Posted in Programming | Tags complexity, scrum, simplicity, XP | no comments
Posted by Doug
Wed, 19 Apr 2006 12:12:49 GMT
Productize seems like such a good idea. Even David seems to give it praise. It seems though this good idea had a short life-span.
For those who don’t know, Productize is a method of making a Rails app a “parent” and then having multiple instances of that app that all shares the same code base allowing for individual tweaks. For myself, I was wanting to productize typo so that I could easily host many typo blogs. At work we use productize on our website to provide our primary US site and also a customized UK website.
Productize was originally released pre Rails 1.0. With The Big Milestone, there was some scrambling to get productize to work. The problem is that productize pokes fairly deep in the internals of Rails class loading. That code seems to be not yet as stable as it should be. Each release of Rails seems to break productize.
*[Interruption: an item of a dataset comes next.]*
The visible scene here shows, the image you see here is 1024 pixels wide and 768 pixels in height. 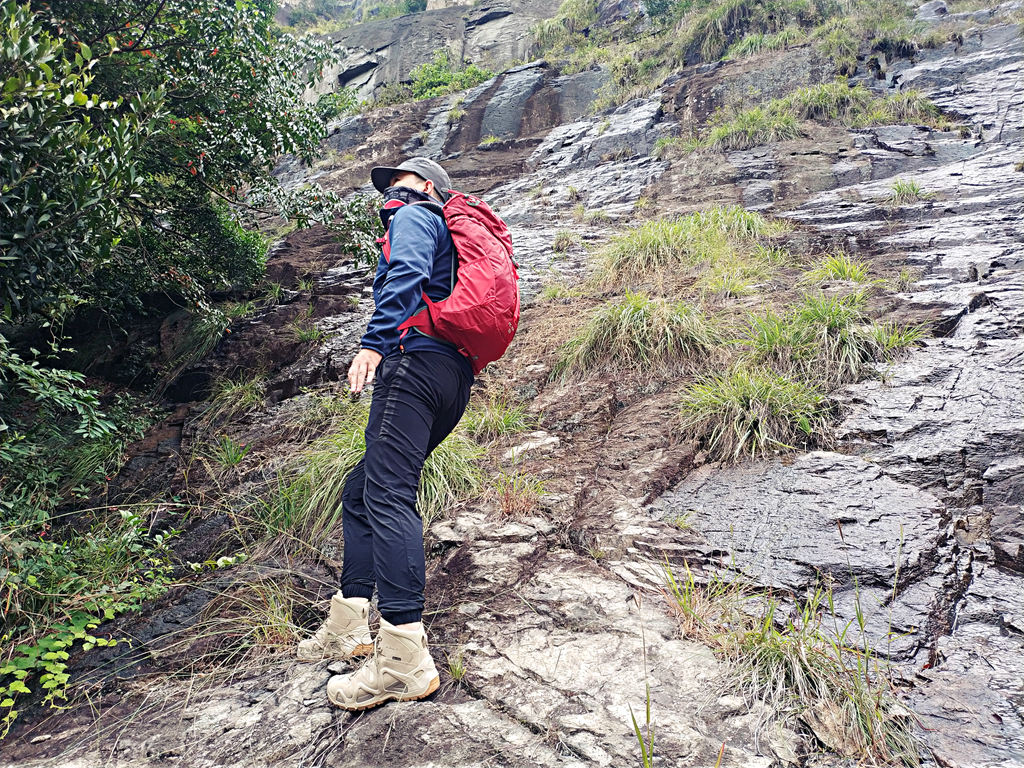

To make matters worse, it doesn’t seem like Duane Johnson is still using or working on productze. With the 1.0 release, the patches and work arounds for productize came from the community. I never did see anything directly from Duane.
Now that Rails 1.1 and 1.1.2 are out, productize is broken again. For such a good idea of minimizing duplication, it doesn’t look good for productize. Members of the core team have said there’s no interest in making it part of Rails core and no desire to “support” it and the internal hooks it needs. In my mind, this moves productize into the “high risk” category.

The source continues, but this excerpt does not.